Kubernetes Operator & CRD

Run Frontier on Kubernetes with a single FrontierCluster resource. The operator handles deployments, TLS secrets, services, probes, security context, and graceful shutdown.

1. Overview

The Frontier operator manages a two-tier deployment: Frontier (data plane, stateless edge gateway) and Frontlas (control plane, Redis-backed coordinator).

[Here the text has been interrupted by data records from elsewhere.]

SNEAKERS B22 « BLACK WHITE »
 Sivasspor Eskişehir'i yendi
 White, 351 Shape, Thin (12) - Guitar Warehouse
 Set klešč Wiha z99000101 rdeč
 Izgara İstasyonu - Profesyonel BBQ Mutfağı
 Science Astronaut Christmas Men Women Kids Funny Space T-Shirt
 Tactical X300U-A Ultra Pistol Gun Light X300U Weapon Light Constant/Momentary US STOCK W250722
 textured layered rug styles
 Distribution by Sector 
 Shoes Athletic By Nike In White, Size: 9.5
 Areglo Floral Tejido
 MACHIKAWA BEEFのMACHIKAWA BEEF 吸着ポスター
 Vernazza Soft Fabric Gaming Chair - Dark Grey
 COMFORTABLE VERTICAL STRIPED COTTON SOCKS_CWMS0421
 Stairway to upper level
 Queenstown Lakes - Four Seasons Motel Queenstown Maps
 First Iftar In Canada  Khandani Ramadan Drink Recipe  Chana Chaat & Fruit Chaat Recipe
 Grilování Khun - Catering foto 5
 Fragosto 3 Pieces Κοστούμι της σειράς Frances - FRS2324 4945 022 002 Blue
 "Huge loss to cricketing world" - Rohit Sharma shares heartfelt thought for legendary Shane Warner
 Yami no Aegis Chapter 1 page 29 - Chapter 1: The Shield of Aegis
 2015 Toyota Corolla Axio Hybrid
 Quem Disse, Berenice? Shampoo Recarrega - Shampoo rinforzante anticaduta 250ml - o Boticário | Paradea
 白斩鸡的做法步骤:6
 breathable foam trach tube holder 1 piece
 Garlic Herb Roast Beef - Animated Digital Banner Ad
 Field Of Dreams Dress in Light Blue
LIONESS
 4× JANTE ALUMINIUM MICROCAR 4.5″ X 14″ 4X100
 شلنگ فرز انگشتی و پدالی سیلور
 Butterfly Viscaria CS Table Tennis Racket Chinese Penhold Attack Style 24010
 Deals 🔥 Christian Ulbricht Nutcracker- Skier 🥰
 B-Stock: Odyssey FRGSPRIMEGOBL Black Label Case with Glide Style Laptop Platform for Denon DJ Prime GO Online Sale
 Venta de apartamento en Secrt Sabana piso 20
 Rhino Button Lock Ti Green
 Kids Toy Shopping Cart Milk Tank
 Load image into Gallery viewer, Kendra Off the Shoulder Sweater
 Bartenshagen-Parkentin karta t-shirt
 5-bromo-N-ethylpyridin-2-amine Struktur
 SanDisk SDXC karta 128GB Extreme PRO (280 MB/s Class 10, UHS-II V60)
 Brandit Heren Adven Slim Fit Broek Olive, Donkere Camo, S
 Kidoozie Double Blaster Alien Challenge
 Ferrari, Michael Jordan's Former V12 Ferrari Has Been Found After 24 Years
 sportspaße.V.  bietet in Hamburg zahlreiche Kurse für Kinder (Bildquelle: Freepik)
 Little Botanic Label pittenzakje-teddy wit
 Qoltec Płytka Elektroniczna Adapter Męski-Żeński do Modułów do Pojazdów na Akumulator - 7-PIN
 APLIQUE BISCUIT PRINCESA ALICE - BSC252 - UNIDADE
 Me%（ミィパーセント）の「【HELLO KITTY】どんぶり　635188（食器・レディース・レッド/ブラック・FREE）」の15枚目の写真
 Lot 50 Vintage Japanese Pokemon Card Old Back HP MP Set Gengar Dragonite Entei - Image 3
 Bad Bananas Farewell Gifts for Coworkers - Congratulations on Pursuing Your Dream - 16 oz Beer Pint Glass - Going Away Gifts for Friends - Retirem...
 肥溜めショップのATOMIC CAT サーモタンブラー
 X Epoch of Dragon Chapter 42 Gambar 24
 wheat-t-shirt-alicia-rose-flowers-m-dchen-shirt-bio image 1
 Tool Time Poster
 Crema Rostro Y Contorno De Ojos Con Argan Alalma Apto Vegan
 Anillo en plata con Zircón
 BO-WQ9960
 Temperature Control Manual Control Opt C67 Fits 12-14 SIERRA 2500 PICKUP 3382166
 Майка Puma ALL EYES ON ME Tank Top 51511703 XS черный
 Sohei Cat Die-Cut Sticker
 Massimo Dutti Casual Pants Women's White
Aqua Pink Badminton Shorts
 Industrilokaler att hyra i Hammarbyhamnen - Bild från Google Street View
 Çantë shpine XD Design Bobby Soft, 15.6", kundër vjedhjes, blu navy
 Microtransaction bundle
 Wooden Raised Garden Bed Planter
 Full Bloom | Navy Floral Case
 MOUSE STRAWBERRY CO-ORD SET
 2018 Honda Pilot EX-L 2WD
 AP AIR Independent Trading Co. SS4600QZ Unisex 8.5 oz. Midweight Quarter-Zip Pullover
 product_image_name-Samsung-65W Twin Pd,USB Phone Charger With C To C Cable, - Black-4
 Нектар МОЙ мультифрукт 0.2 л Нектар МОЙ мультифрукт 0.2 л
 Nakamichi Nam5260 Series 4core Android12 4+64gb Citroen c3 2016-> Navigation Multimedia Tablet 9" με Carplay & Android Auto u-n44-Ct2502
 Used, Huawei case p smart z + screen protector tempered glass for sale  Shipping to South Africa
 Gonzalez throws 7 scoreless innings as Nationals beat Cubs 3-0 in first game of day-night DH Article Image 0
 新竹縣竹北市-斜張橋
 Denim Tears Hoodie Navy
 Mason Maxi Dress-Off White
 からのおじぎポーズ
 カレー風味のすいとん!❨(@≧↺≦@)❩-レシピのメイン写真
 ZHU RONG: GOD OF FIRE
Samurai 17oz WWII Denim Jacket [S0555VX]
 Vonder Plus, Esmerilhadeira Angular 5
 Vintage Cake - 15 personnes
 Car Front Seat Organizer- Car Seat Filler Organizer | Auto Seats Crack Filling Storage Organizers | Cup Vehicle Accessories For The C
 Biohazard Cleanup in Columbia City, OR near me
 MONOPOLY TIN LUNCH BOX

Both are reconciled from a single namespaced custom resource FrontierCluster in the API group frontier.singchia.io/v1alpha1.

With one CR you get: two Deployments, three Services (servicebound, edgebound, controlplane), TLS material copied into operator-managed Secrets, sane production defaults (probes, preStop, non-root, drop-all caps, preferred anti-affinity), and a status that surfaces ready replicas and Conditions.

2. Installation

2.1 Install the CRD and operator

# Apply the CRD + operator deployment + RBAC in one shot
kubectl apply -f https://raw.githubusercontent.com/singchia/frontier/main/pkg/operator/dist/install.yaml

# Or from a local checkout
git clone https://github.com/singchia/frontier.git
kubectl apply -f frontier/pkg/operator/dist/install.yaml

Verify the CRD and operator pod:

kubectl get crd frontierclusters.frontier.singchia.io
kubectl get all -n frontier-operator-system

2.2 RBAC

The bundled install.yaml creates a ClusterRole granting the operator:

frontier.singchia.io/frontierclusters — full CRUD + status
apps/deployments — full CRUD (manages frontier & frontlas Deployments)
core/services, secrets, pods — full CRUD (services, TLS material, pod inspection)
core/events — create + patch (used by EventRecorder)

If you tighten this further, keep at least get;list;watch on those resources or reconcile will fail.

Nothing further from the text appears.